One of the main themes of the book is solitude. All the narrators (Captain Robert Walton, Victor Frankenstein and the Monster) suffer from deep and excessive and more or less self-inflicted solitude. This is especially evident in the case of the Monster, who blames his forced solitude for his vices. Not only are we given evidence of the theme in the conversation and narration, but symbolism and setting and many other things play a vital role in painting the picture of solitude in the reader's mind. 

Despite the annoying stylistic "errors" Mary Shelley commits, one can't help but be impressed by the maturity and skill that she is writing. And it is definitely a book one should read. If not for any other reason, one should at least read it to banish the misconception that so many films and TV-series has created.


----------



## Brian G Turner (Nov 9, 2004)

Thanks for writing that up again XQ.


----------



## ravenus (Nov 10, 2004)

X Q mano said:
			
		

> Mary Shelley was married to the great romantic poet Percy Bysshe Shelley. She was herself a part of the romantic "club" together with her husband and also the famous poet Lord Byron. It was in this group that the idea for Frankenstein was conceived. They all agreed that they should try to write a horror story. However, Mary Shelley was the only one who completed her story with any level of success.


 It was at a weekend get-together with Percy and Mary Shelly, Lord Byron and John Polidori. They had been reading each other German ghost stories on a stormy evening and it seems Percy who had dozed off woke suddenly from a nightmare in which he had seen a woman with eyes in place of her nipples. This led to the challenge in which each of them was to write a macabre story.

 Of this Polidori wrote _The Vampyre_ which was a success in its time and quite likely the inspiration for Bram Stoker's _Dracula_. But apparently his story contained many elements of the story that Byron wrote at that same gathering, which led to a cooling of relationship between the 2 men.


----------



## Morning Star (Nov 10, 2004)

Never having read Frankenstein, would one of you be able to tell me how close the film with Deniro and Branagh (I think it was) was to the novel? Was 'the monster' not the mindless shambling wreck as is the popular view?


----------



## Jayaprakash Satyamurthy (Nov 10, 2004)

I understand that Branagh's movie was an attempt to stick closer to the original than before.
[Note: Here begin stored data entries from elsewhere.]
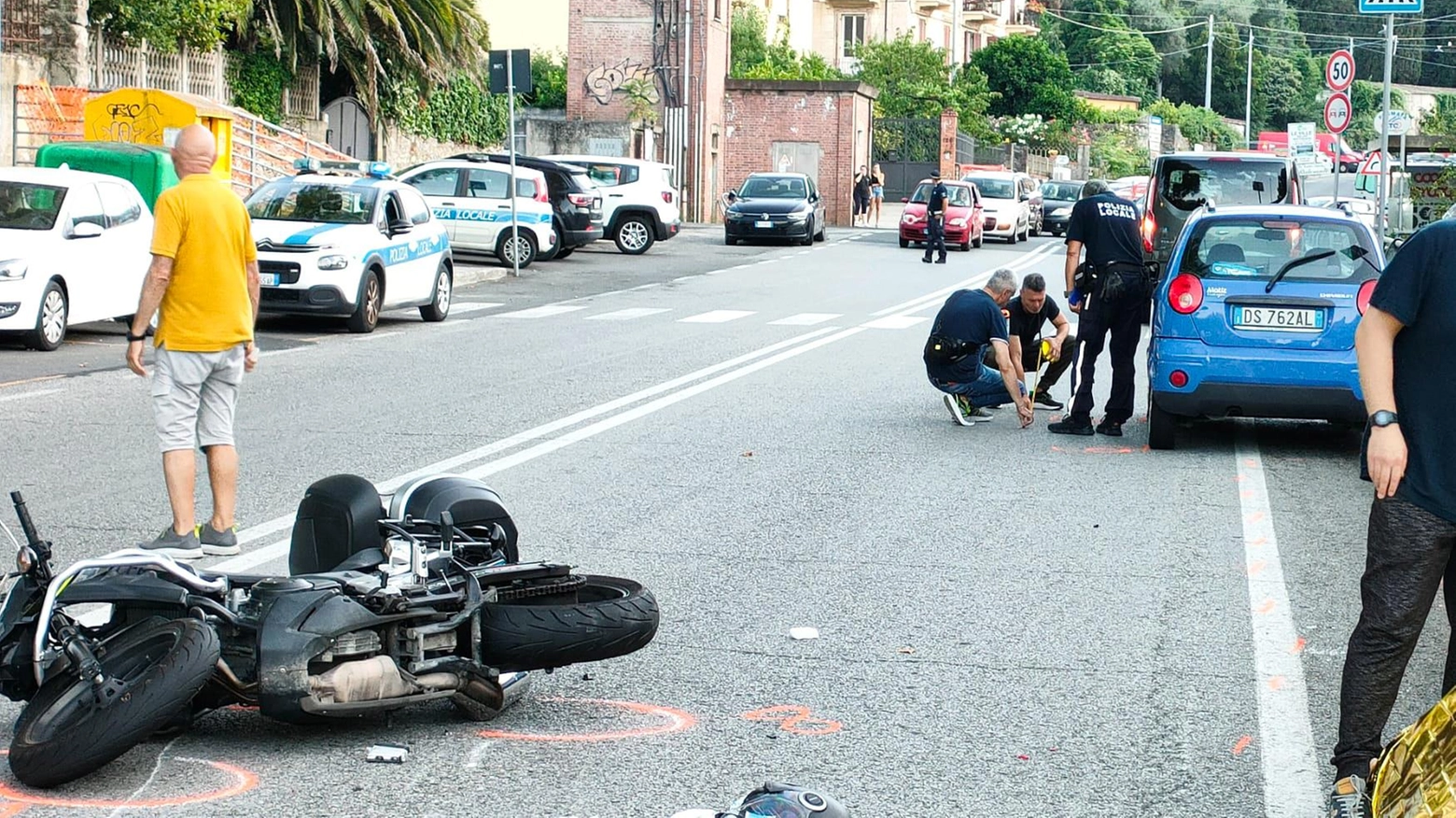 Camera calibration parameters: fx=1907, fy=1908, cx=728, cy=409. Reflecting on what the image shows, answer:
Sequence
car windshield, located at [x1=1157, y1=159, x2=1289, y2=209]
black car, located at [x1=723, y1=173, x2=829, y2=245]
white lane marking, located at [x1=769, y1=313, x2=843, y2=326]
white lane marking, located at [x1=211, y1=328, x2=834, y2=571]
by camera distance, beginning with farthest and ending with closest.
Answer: black car, located at [x1=723, y1=173, x2=829, y2=245]
car windshield, located at [x1=1157, y1=159, x2=1289, y2=209]
white lane marking, located at [x1=769, y1=313, x2=843, y2=326]
white lane marking, located at [x1=211, y1=328, x2=834, y2=571]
I may be wrong.


In Shelley's novel, the irony is that Frankenstein wanted to create a physical and mental paragon, but the end result was so horrendeous in appearance that the creature only elicited fear and revulsion, despite the fact that it was at first neither mindless nor evil.


----------



## Morning Star (Nov 10, 2004)

Aaah, ok thanks JP. Unlike the utterly off the mark, but interesting nonetheless Hammer version with Peter Cushing. "The Curse of Frankenstein." If you have not seen it, Cushing had gotten his hands on the brains of a brilliant and benign man. Then the brain got into an accident and had pieces of glass stuck in it, which he removed. Regardless, Frankenstein used it anyway. 

The result? An unhinged and mindless monstrosity. Intent on killing Frankenstein...though this could have been some memory of the brains owner, seeing as Frankenstein pushed him off a landing so he could get at his grey matter.


----------



## X Q mano (Nov 10, 2004)

The Monster is definitely not shambling and mindless. Rather eloquent and smart actually...


----------



## Morning Star (Nov 10, 2004)

I guess the whole relying on cheap thrills craze in the 40s and 50, plus the boon the unrivalled popularity of the cinema at the time, meant that the producers figures nobody would go see a horror with an intelligent and eloquent monster.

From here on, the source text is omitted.